The direct effect of this decision on prescription drug benefits offered under group health plans will depend on how many states introduce regulations affecting prescription drug cost reimbursements and how PBMs respond to such legislation in their contracts with employee benefit plan sponsors. The decision comes at a time when there is increasing federal scrutiny of prescription drug prices, which may affect how states choose to act. The effect of the case on ERISA preemption will similarly be determined by future state action and court decisions.

FULL ALERT

In a case that may have further implications for the provision of prescription drug benefits and the reach of ERISA preemption, the U.S. Supreme Court has unanimously upheld an Arkansas statute that regulates the price that pharmacy benefit managers (PBMs) pay retail pharmacies for prescription drugs. 

Many employee benefit plans provide prescription drug coverage through contracts with PBMs. These contracts often include complex financial arrangements, typically involving discounts and rebates, that determine how much the plan will pay the PBM for prescription drugs provided to plan members. The PBM, in turn, enters into contractual arrangements with drug manufacturers, relating to the cost of drugs provided by these manufacturers, and with pharmacies, relating to the amount that the PBM will reimburse the pharmacy for drugs provided under an arrangement administered by the PBM. The reimbursement rates established under these pharmacy contracts may be based on factors such as a listing maintained by the PBM of the maximum allowable cost (MAC) that the PBM will pay for a particular drug. 

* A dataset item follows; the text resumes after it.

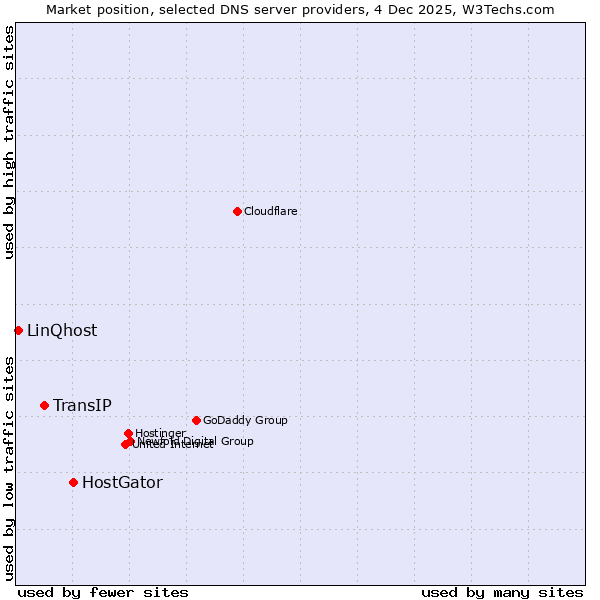 Market position of HostGator vs. TransIP vs. LinQhost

Finding that the amounts paid by PBMs do not always reimburse retail pharmacies for their cost in obtaining drugs from wholesalers, the State of Arkansas enacted Act 900. Act 900 regulates the price paid by PBMs for the cost of drugs purchased at retail pharmacies through mechanisms designed to ensure that the pharmacy would at least recover the cost that it is able to negotiate with a typical wholesaler from whom it may purchase the drug. 

An association of PBMs sued to overturn the legislation on the grounds that it is preempted by ERISA. The federal district court and Eighth Circuit Court of Appeals agreed. The Supreme Court reversed.

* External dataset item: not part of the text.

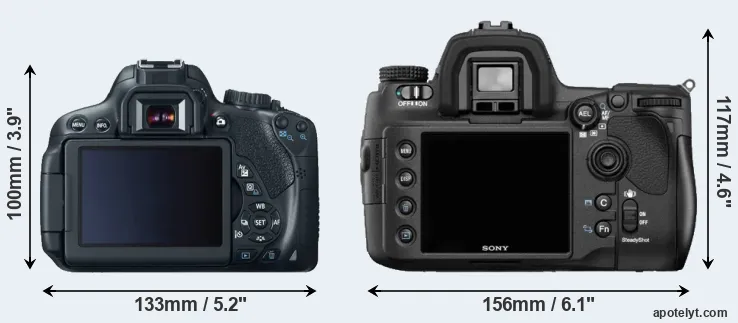 Comparison 650D or A850 rear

The Supreme Court ruled that Act 900 does not have “a connection with or reference to” an employee benefit plan.  It found that the Act does not “immediately and exclusively” affect ERISA plans but is a form of cost regulation that will not so acutely affect the benefits and operation of employee benefit plans as to warrant preemption. 

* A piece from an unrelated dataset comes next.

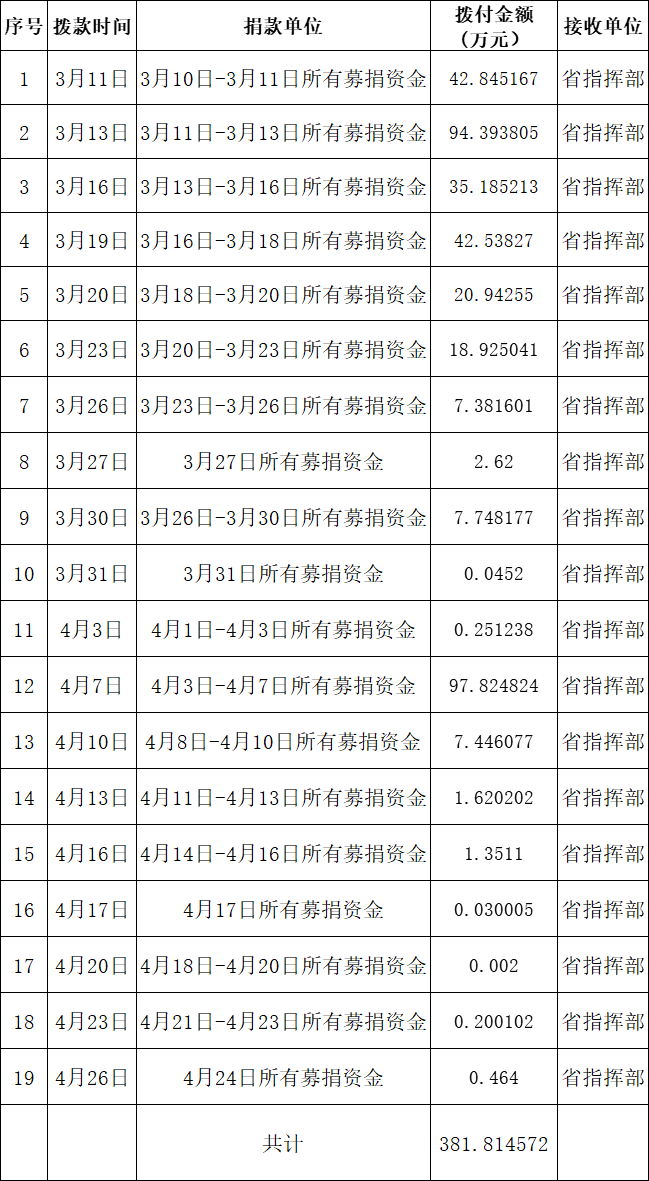 微信图片_20200430182716.png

The direct effect of this decision on prescription drug benefits offered under group health plans will depend on how many states introduce regulations affecting prescription drug cost reimbursements and how PBMs respond to such legislation in their contracts with employee benefit plan sponsors. It comes at a time when there is increasing federal scrutiny of prescription drug prices, which may affect how states choose to act. 

With regard to ERISA preemption, the Supreme Court decision aims to place the Arkansas law in the context of other laws directed toward health care costs, particularly New York’s surcharge on hospital care, which it previously upheld against an ERISA preemption challenge. In that sense, the Court does not treat its decision as a major inroad to the scope of ERISA preemption. However, as is often the case, the full meaning of this decision for ERISA preemption will be determined by future state legislation and court decisions.

DISCLAIMER: Because of the generality of this update, the information provided herein may not be applicable in all situations and should not be acted upon without specific legal advice based on particular situations.